Speaker Recognition

Research directions in automatic speaker recognition (verification, identification):

1) Text-independent speaker recognition. Small, medium and large scale voice biometric systems.

National-wide and international voice biometric systems. A biometric engine with high performance and throughput. Decision making based on additional metadata (signal SNR, reverberation time, speech length, channel type, etc.). Handles thousands to millions of speaker templates. Works with various channels, including telephone (analog, digital, landline, cell, GSM, CDMA etc.), radio, microphone (room acoustics).

2) Text-dependent speaker recognition. Voice-keys with fixed and prompted phrases. Works with various channels, including telephone (analog, digital, landline, cell, GSM, CDMA etc.) and microphone (room acoustics).

3) Automatic recognition of speaker language, gender, emotion and age.

4) Multimodal (voice and face) recognition. Feature level, score level and decision level fusion.

Search with high performance and throughput.

5) Audio and speech enhancement and restoration.

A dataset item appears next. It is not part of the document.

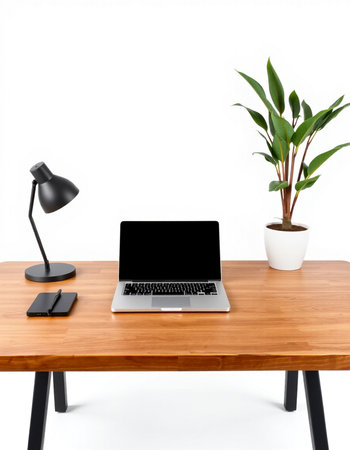 Laptop on wooden desk with black lamp and plant on white backgroundの写真素材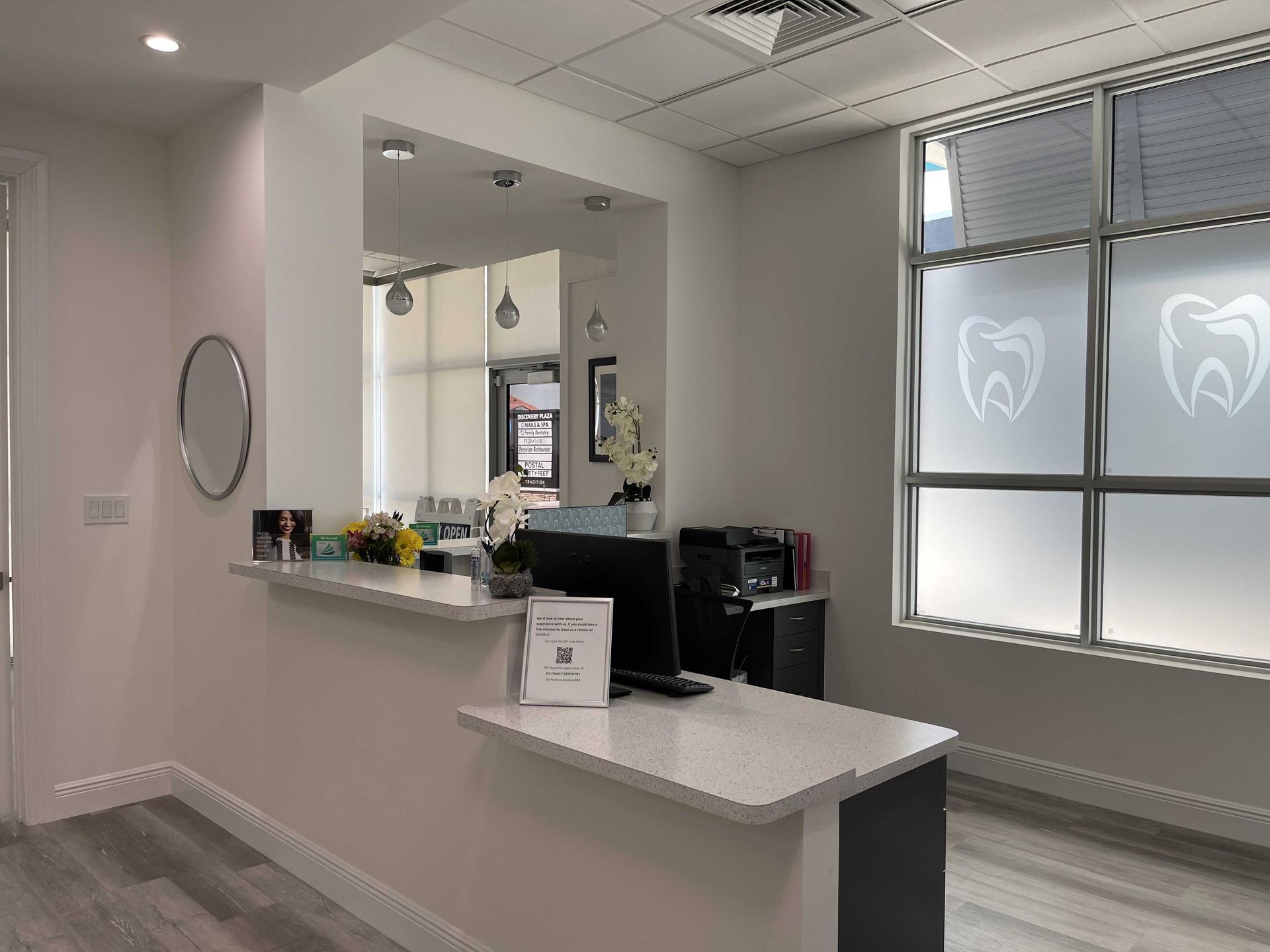 A dental office with a counter and a computer on it.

Music detection and characterization, ambient sound detection and characterization.

Speech/data materials used in this research:

1) Telephone records (8 kHz, 16 bit) with thousands of speakers. Database is constantly updated and speaker segmentation has been a manually checked.

2) Microphone records (11 kHz, 16 bit) with thousands of speakers. Database is constantly updated and speaker segmentation has been manually checked.